Erik's Rant
 

July 23, 2004

Friday Five

1. What is the first painting that you remember seeing (I am talking about originals only, and they neither have to be famous nor painted by someone famous, although in my own answers I will exclude children's art as well as any of my own or Melanie's pieces that are around the house or studio. Feel free to make your own exclusions)?

2. What is the last painting that you saw?

3. What is the next painting that you expect to see?

4. What painting have you not seen that you would really like to see?

5. Describe a notable time when a painting did not make such a big impression on you when you saw it, but continued to come back to your active memory and thus engaged your thoughts.

I have to run right now (we have a tour of an ice cream factory to get to), but I will post my answers in the Extended Entry section this afternoon.

UPDATE: I posted my answers in the Extended Entry section, as promised.

1. This is a hard question for me, since my parents have been taking me to museums since I was born, as we do with Amalia. I sat down and thought back to the first painting I remember, and I think that it was a Miro. I have many memories of Miro from way back, because my father is a big Miro fan, and was always hunting down Miro paintings when we were in a town with a decent museum. What I remember, though, is a generic Miro painting, rather than a particular Miro painting, so I am not counting it.

I also have many early memories of Clyfford Still paintings, mostly because SFMOMA has a good collection of them, and they are always in their own room (those who understand the situation with Still will take this as a given: Still, you see, was such an egotist that he gave many canvases to museums with the stipulation that they must be in their own room or section. If the museum in any way fails to meet his terms, the paintings go to his heirs. Since the paintings are worth a lot of money, the heirs have pretty good cause to strictly enforce Still's will), although my early memories are fuzzy as to which one first stood out as distinct from the others.

So, even though I have earlier memories of Miro and Still, I will have to point to Sunday Morning in the Mines by Charles Christian Nahl as the first painting that I really remember as a painting. It hangs in Sacramento's Crocker Art Museum, and is a really exciting example of mid to late 19th century (1872 to be precise) California Art.
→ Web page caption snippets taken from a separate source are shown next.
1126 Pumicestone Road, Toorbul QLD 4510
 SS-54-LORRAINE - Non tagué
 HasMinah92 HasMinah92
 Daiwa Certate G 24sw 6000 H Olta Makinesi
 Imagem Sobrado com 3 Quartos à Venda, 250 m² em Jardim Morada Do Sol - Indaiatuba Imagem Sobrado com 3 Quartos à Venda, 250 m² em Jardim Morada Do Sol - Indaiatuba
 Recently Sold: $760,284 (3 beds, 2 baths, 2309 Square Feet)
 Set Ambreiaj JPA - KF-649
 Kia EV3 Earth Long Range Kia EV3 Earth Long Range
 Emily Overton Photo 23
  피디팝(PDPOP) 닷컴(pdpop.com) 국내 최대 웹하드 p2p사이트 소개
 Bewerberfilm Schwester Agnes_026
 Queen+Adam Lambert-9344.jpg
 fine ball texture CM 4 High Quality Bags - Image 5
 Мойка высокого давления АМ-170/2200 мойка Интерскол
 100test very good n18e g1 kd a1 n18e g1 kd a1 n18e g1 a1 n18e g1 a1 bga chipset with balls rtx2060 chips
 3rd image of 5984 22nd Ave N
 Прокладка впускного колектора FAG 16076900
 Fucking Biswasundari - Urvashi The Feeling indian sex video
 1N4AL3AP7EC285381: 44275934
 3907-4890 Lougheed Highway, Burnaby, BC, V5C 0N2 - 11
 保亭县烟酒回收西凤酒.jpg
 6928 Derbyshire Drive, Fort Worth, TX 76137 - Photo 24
2. I am not counting any painting in my house or my parents' house, so it would have to be Mike Henderson's North Beach (oil on canvas. 1989), hanging in the Oakland Museum of California.

3. Let's see. I probably will next see a painting at mass, and I think I will be going to mass at the National Shrine of St. Francis of Assisi in San Francisco, so probably the murals in the front of the church. They date from the 1920's. are rather mediocre, although they do what they are supposed to do, and I cannot remember the name of the artist. It is entirely possible that I will see the North Beach mural at the corner of Columbus and Broadway or the various murals on City Lights Bookstore or Caffe Vesuvio before getting to the church. If I end up going to mass at St. Margaret Mary's in Oakland, I am not sure. We might even make it to SFMOMA tomorrow, in which case I really don't know.

4. I am going to count a painting that I saw but was too young to remember, and that is Matisse's dancers in the Hermitage. I was two years old and may have been asleep. I do not remember the Hermitage, although I have a few memories of Eastern Europe from that age. At that age all the gold leaf at the summer palace and the "snail shells" (that's what I thought of - sea snail shells) of St. Basil's fascinated me more than any painting.

5. During the Robert Ryman retrospective at SFMOMA back in 1992 or thereabouts, I was impressed with his work, but did not realize quite the impact that it made on me. There was one piece in particular, that was basically small staccato zinc white strokes on a well-oxidized iron ground that at first I saw as a good, tightly rendered minimalist/expressionist painting, but somehow really lodged in my head, as I can almost trace each of those strokes.

When SFMOMA moved into its new digs on 3rd Street, they had a room specifically dedicated to Robert Ryman's work (which they changed into something else a few years back). When I first walked in there in 1995 or whenever it was that the new museum opened, I was overjoyed to find that little painting hanging there. When I was able to get to SFMOMA on at least a weekly basis, I went back to that painting each time and just soaked it in. I never expected to like it that much when I first saw it at the retrospective.